Yad Vashem to give Bush artistic gift

Bush to receive replicas of biblical illustrations by Holocaust survivors.

yad vasem bush gift (photo credit: Courtesy)
yad vasem bush gift
(photo credit: Courtesy)
A replica of a collection of Biblical illustrations created by a Holocaust victim while hiding from the Nazis during World War II will be presented to US President George W. Bush during his visit to Yad Vashem next week. The symbolic gift, which was created by the artist Carol Deutsch, includes 99 prints depicting various biblical scenes in living color which were stored inside a hand-crafted wooden box adorned with a Star of David and a seven-branched menorah with Hebrew and English inscriptions.

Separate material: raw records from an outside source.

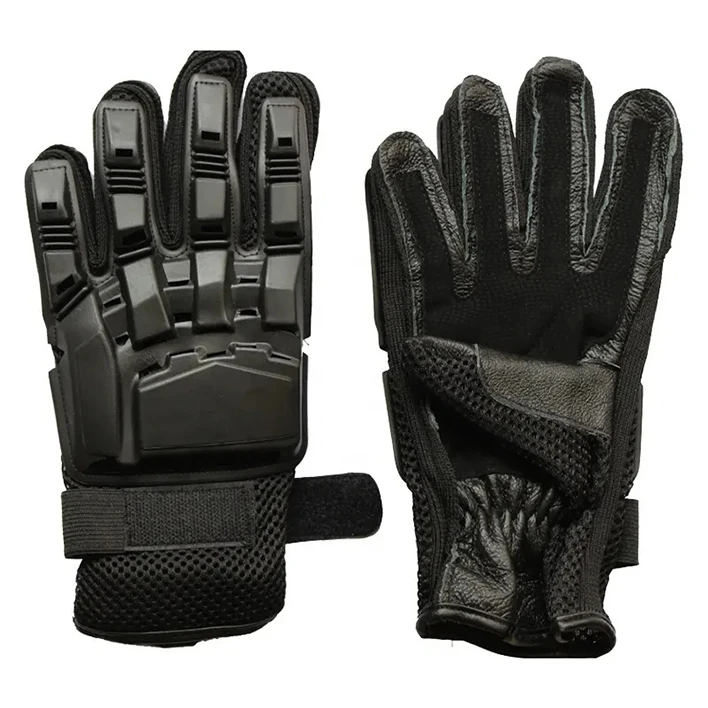 Super Grip Armor Paintball Gloves Full Finger Tactical Gloves Durable Lightweight Breathable Ventilated Paintball Gloves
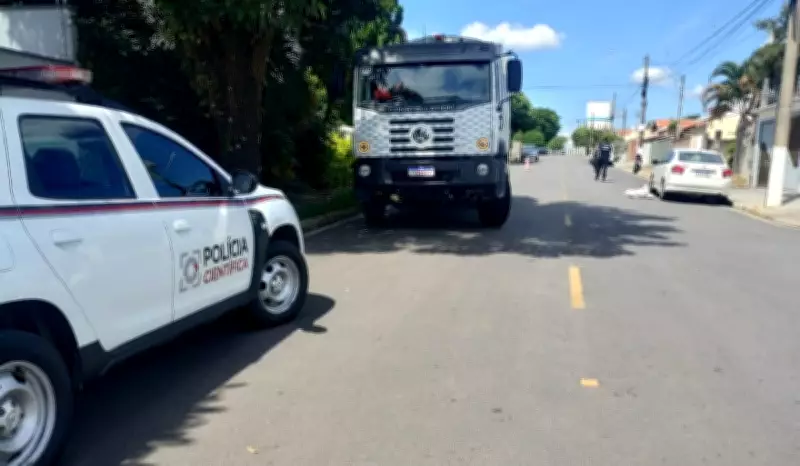 Gari sofre fraturas na perna após ser atropelado por motociclista em Holambra
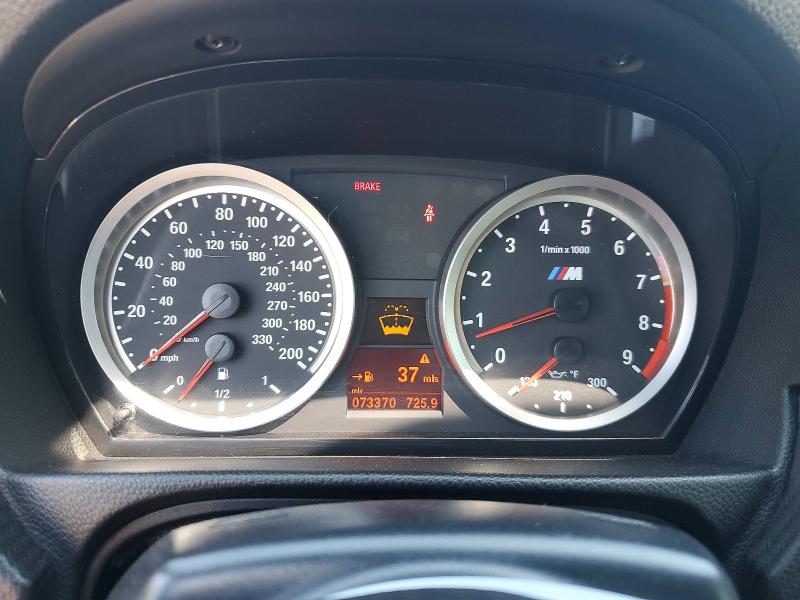 51950866 :رقم المزاد ، WBSDX9C5XBE399085 vin ، 2011 Bmw M3 مزاد بيع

Deutsch, who was a disciple of the well-known Belgium painter James Ensor, created the biblical illustrations while in hiding in Belgium between 1941-1942, after failing to obtain immigration visas for his family to the United States following the German invasion of Belgium in May 1940. Denounced by an informant, Deutsch and his wife were arrested by the Gestapo in 1943 and deported to Auschwitz, where his wife was gassed to death. Deutsch perished in Buchenwald in December 1944. He was 50 years old. Before the artist was seized by the Nazis, he left the Biblical illustrations to his two-year-old daughter, Ingrid, who survived the Holocaust after being hidden with her grandmother with a Catholic family in southeast Belgium. The original prints, which were uncovered in their looted flat intact after the war, are on display at Yad Vashem's Museum of Holocaust Art. Bush will tour Yad Vashem on Friday on the last day of his three-day visit to Israel. Ahead of the presidential visit, museum officials decided to make 500 replicas of the Biblical illustrations, and the box they came in, with the first replica to be presented to Bush by Yad Vashem Chairman Avner Shalev. "The illustrations have a universal message that art and beauty can and will survive even under the most trying of circumstances," said Debbie Deutsch-Berman, Deutsch's grand-niece who moved to Israel from New York City and who works at Yad Vashem. "They are a testament to the human spirit, and are his lasting legacy," she concluded.